But Dazai worried every day about image and reputation, because he loved his mother, or at least Ranpo was pretty sure he did. And his mother was very interested in whether or not Dazai would one day give her a grandson. Adopted, biological, or not – Dazai just needed to have a respectable Academy-dominated job, marry a respectable Academy-educated spouse, and have a respectable Academy-bound heir.

“Dazai, you will not convince me to do that,” Ranpo reiterated. Then, because he thought it would be very funny, he said: “Ask Yosano.” 

Ranpo smiled tongue-in-cheek, but Dazai cut him a glare. “You’re–” 

“Ask Yosano what?” 

Speak of the devil, she swept into the room. In her big, chunky boots, bigger fluffy coat, and prim uniform, she looked sweet enough, but Ranpo and Dazai were wise and knew to be a little afraid of her. They both clamped their mouths shut immediately. 

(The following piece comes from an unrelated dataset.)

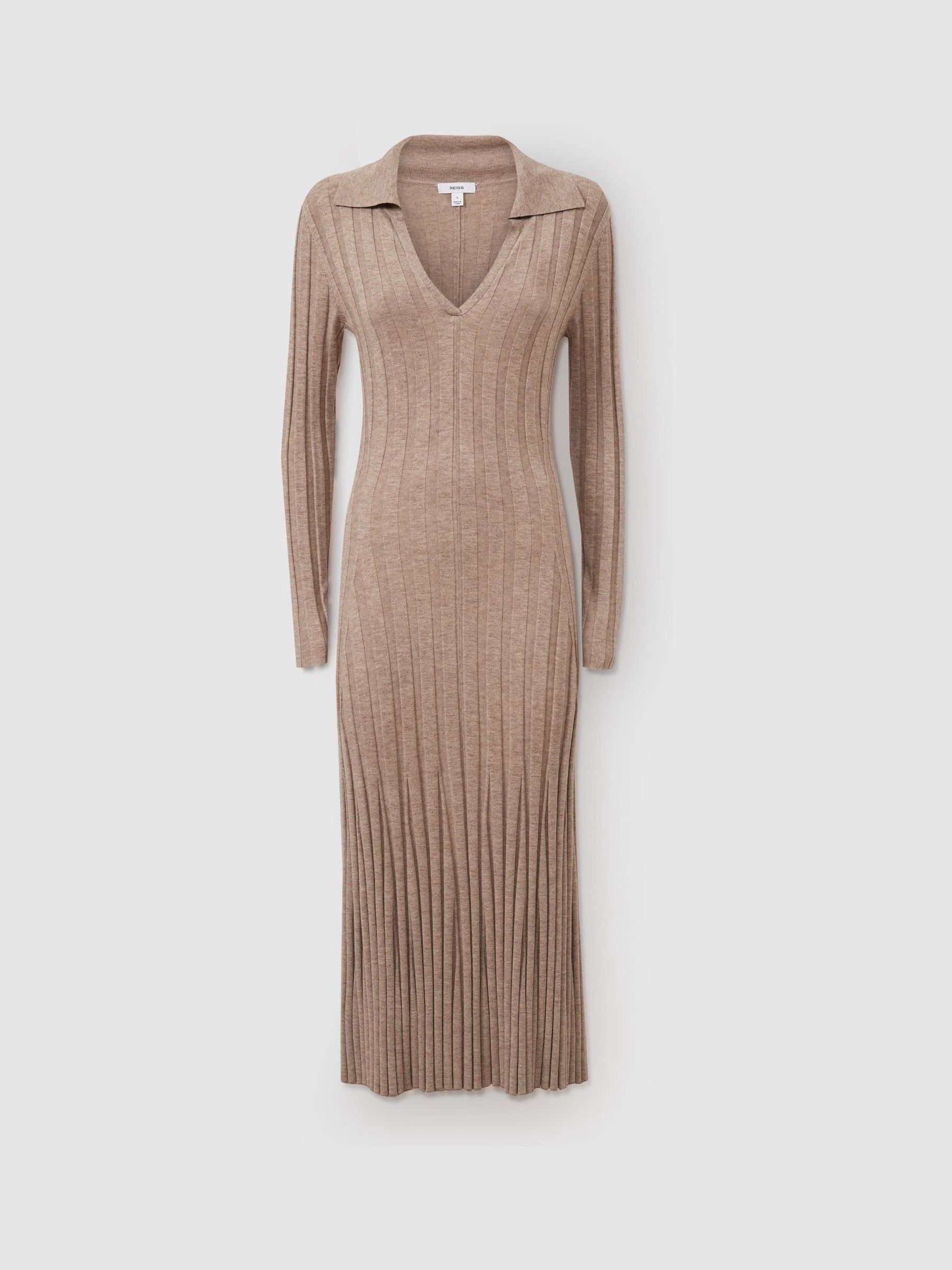 Knitted Open-Collar Midi Dress in Neutral - Image 2 of 6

She raised her eyebrows as she shed her coat and tossed it on top of Dazai, who did not acknowledge it. He just laid under the mass of fluff, motionless, face blank. “What is it, boys?” She ruffled Dazai’s hair first, then crossed to Ranpo and hooked her arms on top of his chair, peering over him at his homework. When she decided that would give her no answers, she looked back to Dazai, squinting. 

Yosano couldn’t deduce social things nearly as well as Ranpo or Dazai could. Her intellect was mainly medical. But she was sharp as a tack and she knew Ranpo and Dazai better than anyone, and – well – Ranpo loved her, admired her, was fond of her like a brother is to a sister, and he was batshit terrified of her. 

He swallowed and kept his mouth shut. 

Dazai did not have the same survival instincts. It seemed he weighed whether or not it would be more interesting to say nothing or to ask, and had decided asking would be fun. It would end in death, but it would be fun. Dazai flung an arm over his chest, sighed once again, and said, “Will you be my date to the Christmas Ball, Yosa-”

“No.”

“Okay,” Dazai said meekly, pinned under her glare. He rolled onto his side and curled into a fetal ball. His shoulders shook but Ranpo knew very well he was pretending to cry only for comedic effect. Dazai loved comedic effect. 

Yosano grimaced. “I don’t like that you’ve gotten dating in your head.”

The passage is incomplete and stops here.